→ **Exercise description**
From the material below, set down exactly the lines that run from the one containing "New 2026 Steel" to the one containing "FionaModel's Offline Chat Room", minus the pictures.

→ **Data excerpts**
=== Section Start ===
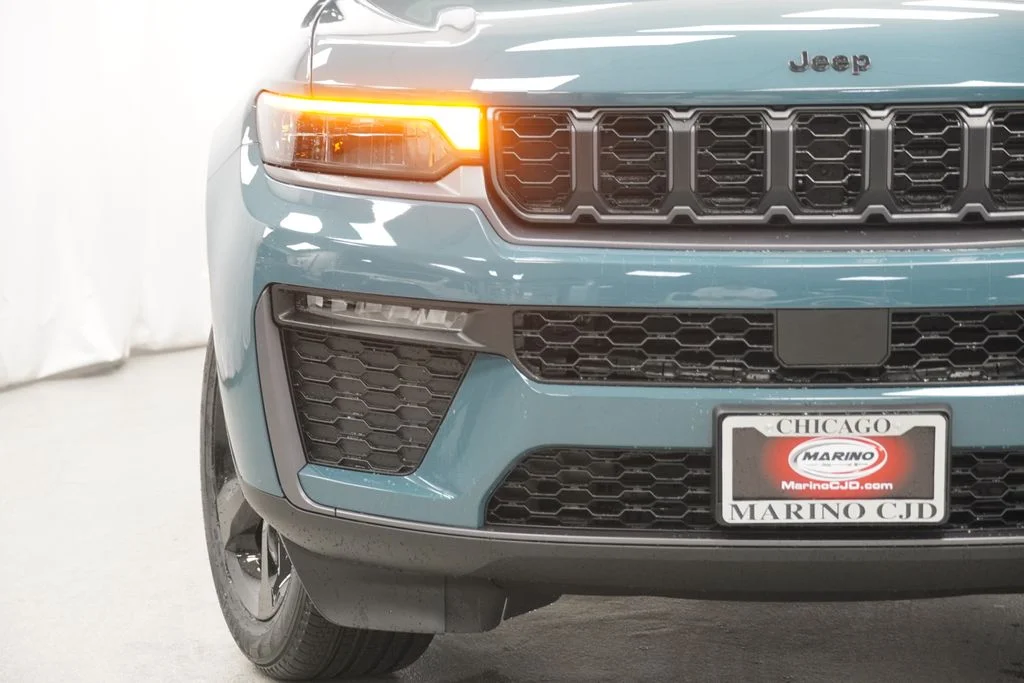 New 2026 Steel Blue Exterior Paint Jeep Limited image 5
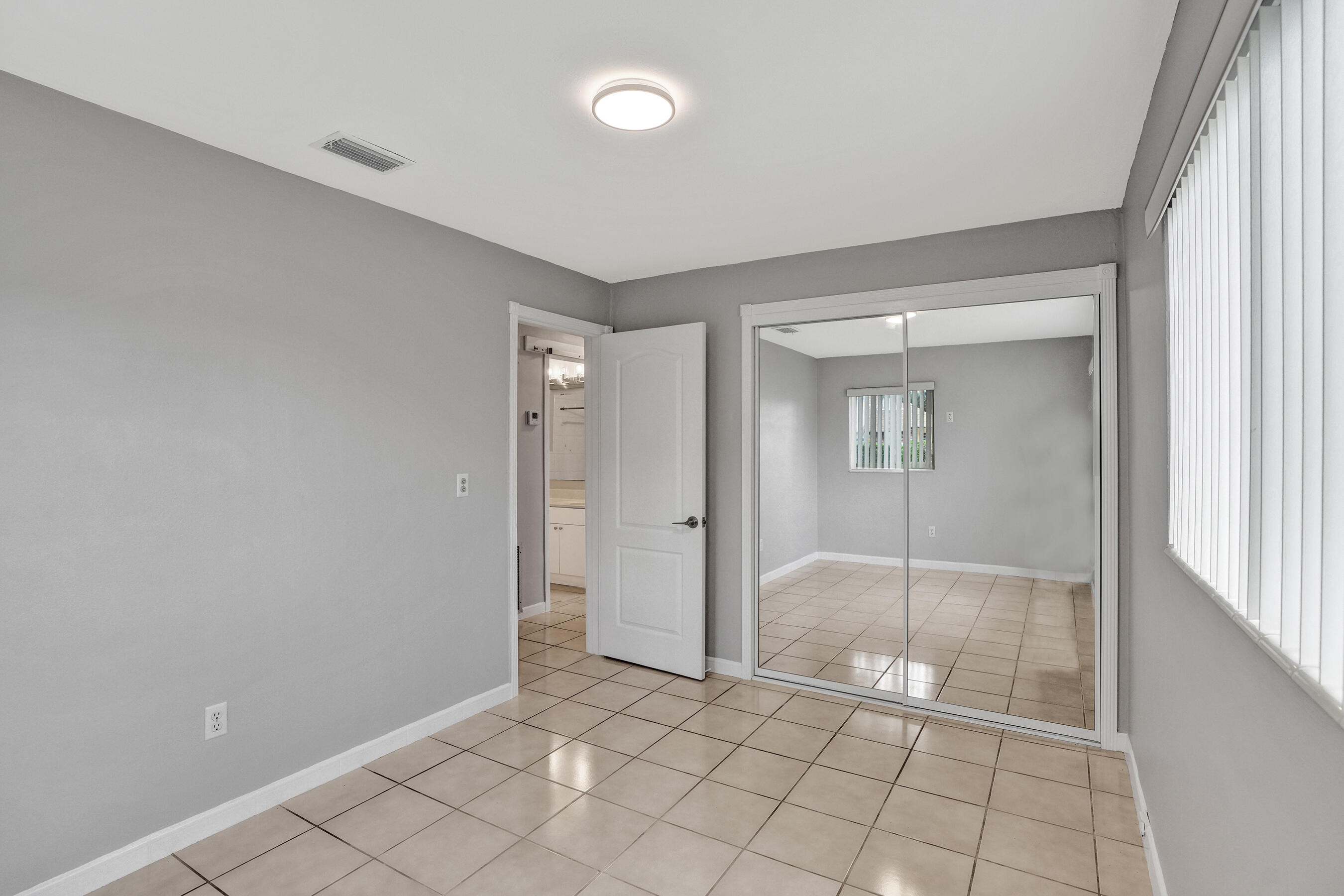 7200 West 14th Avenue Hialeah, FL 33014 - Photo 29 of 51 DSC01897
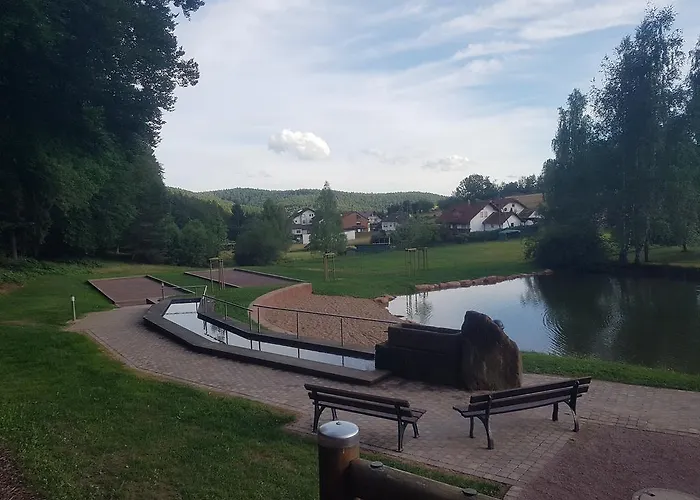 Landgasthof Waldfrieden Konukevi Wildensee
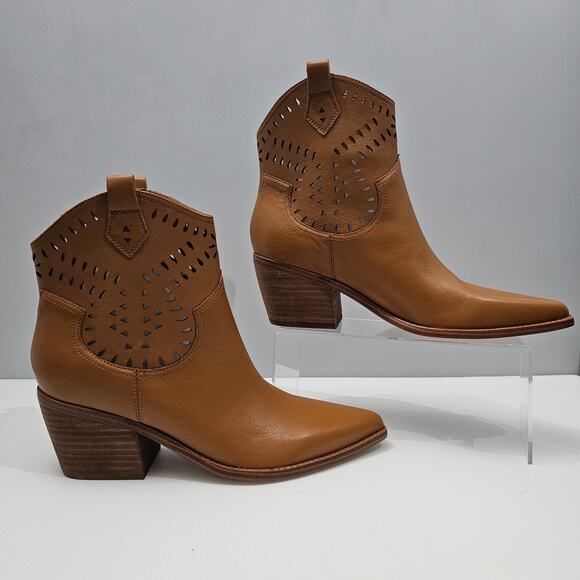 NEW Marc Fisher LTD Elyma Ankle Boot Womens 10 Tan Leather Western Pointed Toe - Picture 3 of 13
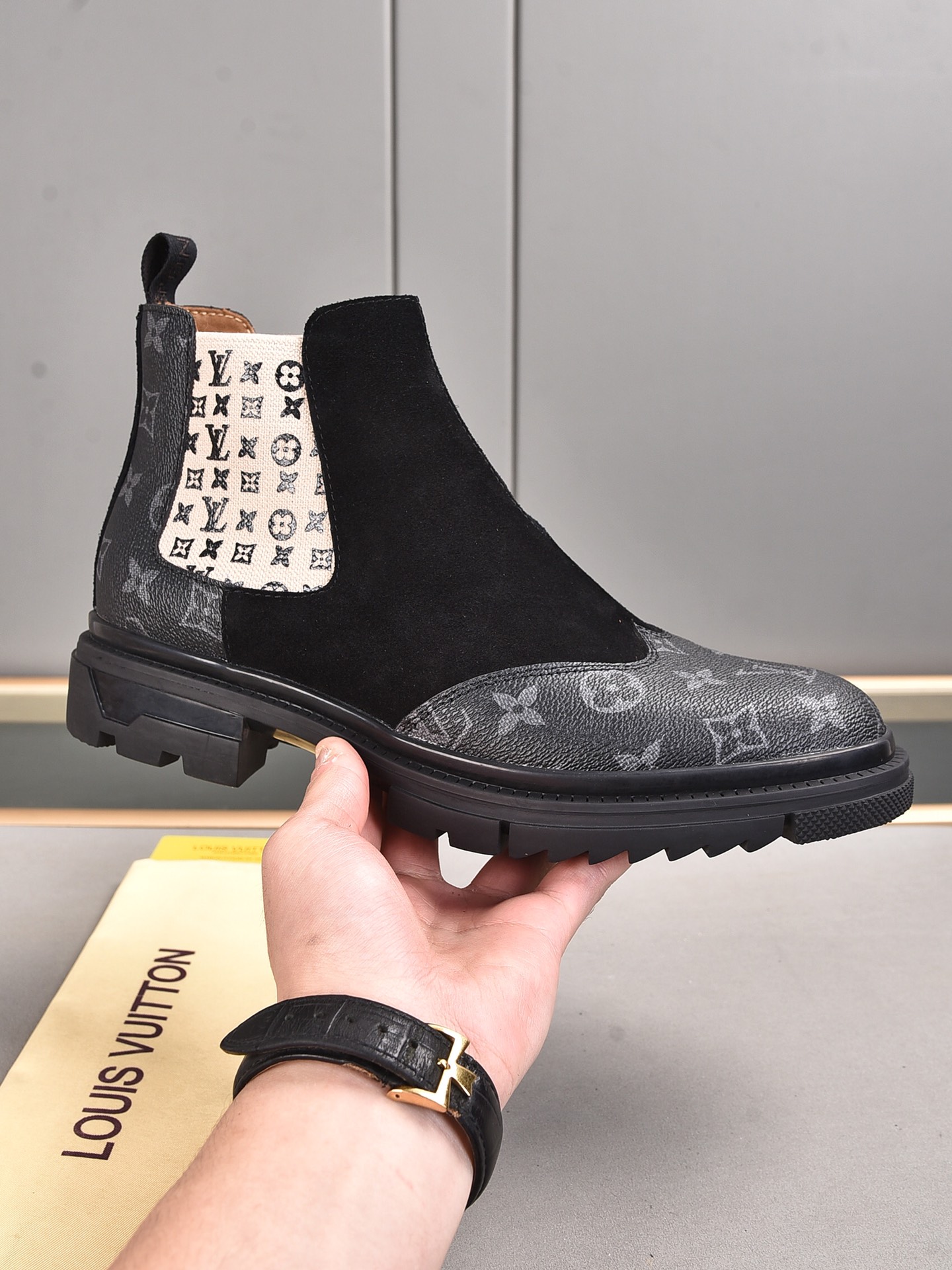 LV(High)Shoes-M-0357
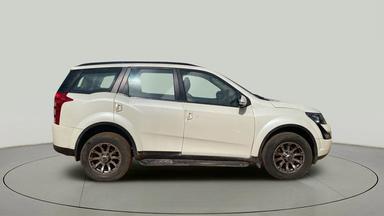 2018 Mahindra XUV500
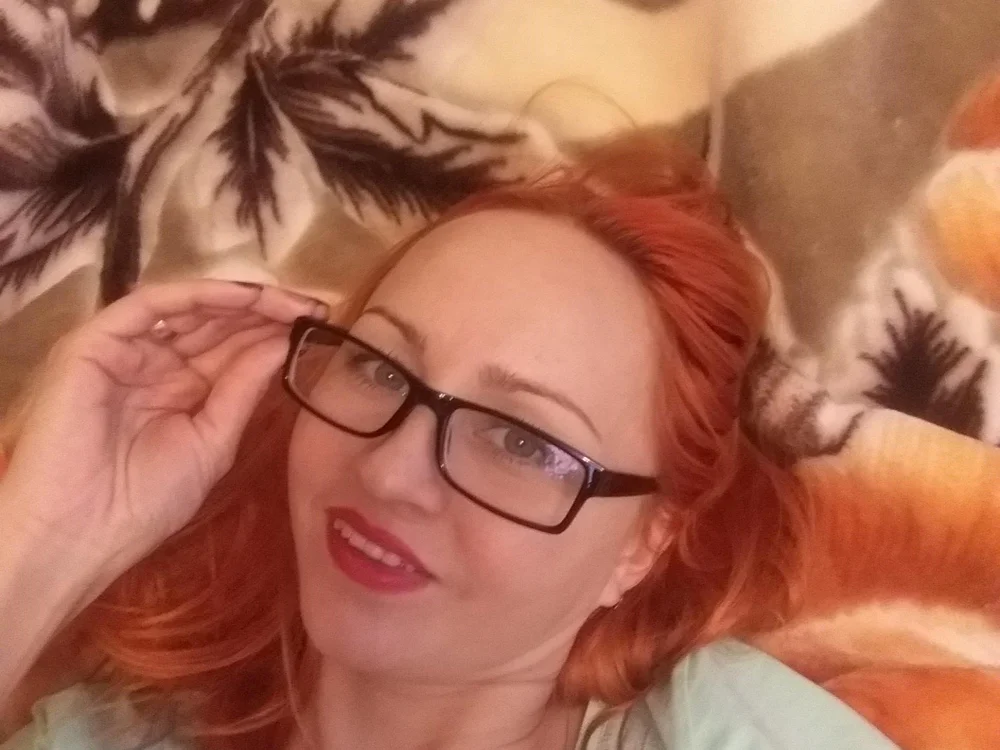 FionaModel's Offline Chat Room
=== Section End ===
=== Section Start ===
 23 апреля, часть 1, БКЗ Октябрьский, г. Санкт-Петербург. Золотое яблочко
=== Section End ===
→ **Response area**
 New 2026 Steel Blue Exterior Paint Jeep Limited image 5
 7200 West 14th Avenue Hialeah, FL 33014 - Photo 29 of 51 DSC01897
 Landgasthof Waldfrieden Konukevi Wildensee
 NEW Marc Fisher LTD Elyma Ankle Boot Womens 10 Tan Leather Western Pointed Toe - Picture 3 of 13
 LV(High)Shoes-M-0357
 2018 Mahindra XUV500
 FionaModel's Offline Chat Room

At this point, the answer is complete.